At the main entrance of the building we can see the bust of the 50-year old  geographer in his prime. There is a story behind the statue. Certain beliefs have been related to it since generations of students. The bust was popular from the first moment. Since the unveiling a special ritual has been tied to it: the one who strokes the nose in the morning upon entering the school will not have to give an oral report that day.

  

The bright shining nose is showing that the ritual is still going on. It symbolizes the unity of the founder and name giver Hunfalvy János and the institution. Every year on Hunfalvy day we lay the wreath of remembrance on the bust.
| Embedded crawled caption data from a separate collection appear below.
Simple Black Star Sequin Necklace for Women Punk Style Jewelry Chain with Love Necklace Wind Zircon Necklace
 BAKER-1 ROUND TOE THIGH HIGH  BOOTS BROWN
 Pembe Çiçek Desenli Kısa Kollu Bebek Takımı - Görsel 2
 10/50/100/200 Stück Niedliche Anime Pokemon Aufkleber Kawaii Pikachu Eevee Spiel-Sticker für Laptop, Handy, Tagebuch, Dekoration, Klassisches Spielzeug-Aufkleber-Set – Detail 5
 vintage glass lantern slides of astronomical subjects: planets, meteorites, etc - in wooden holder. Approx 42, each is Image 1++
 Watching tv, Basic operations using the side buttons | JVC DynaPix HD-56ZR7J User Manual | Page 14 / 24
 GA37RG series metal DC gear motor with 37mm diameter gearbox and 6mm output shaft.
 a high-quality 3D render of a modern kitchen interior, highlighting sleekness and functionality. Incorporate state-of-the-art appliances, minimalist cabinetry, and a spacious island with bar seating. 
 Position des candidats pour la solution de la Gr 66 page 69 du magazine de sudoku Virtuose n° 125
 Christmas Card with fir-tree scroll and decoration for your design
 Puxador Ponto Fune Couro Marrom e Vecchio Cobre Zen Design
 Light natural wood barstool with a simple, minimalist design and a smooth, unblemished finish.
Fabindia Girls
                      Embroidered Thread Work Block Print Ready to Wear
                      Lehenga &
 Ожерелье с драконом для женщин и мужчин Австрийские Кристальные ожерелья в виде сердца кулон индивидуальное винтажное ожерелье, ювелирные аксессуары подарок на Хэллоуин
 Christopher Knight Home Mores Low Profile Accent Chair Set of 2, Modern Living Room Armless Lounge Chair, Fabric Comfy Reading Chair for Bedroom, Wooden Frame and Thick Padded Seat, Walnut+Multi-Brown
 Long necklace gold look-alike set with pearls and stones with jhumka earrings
A Hunfalvy statue was first erected in 1942 in our school. However, this masterpiece was destroyed during the Second World War and only the title pages of the yearbooks keep its memory. In the 1950-s sculptor Ferenczy Béla György originally used plaster to make the bust we can see today. The casting was never made and the bust itself was later stored in the attic. This is where Tallós Tibor, deputy headmaster found it in the 1970-s. With the help of the headmistress, Bernáth Lászlóné,  he launched a movement to cast the bust in bronze. Encouraged by them the students of the school began collecting metal when Eke Erzsébet, a student who graduated in 1968, offered three quarters of the necessary quantity of bronze to finish the statue.The casting was helped by a parent Marczy Antal whose two children had also attended the school. The bust was finalized in the foundry of the Fine Art Funds in Szeged. It does not only honour the memory of Hunfalvy János but also symbolically links up the students, the teachers and the headmistress of the 70-s with all-time people at Hunfalvy.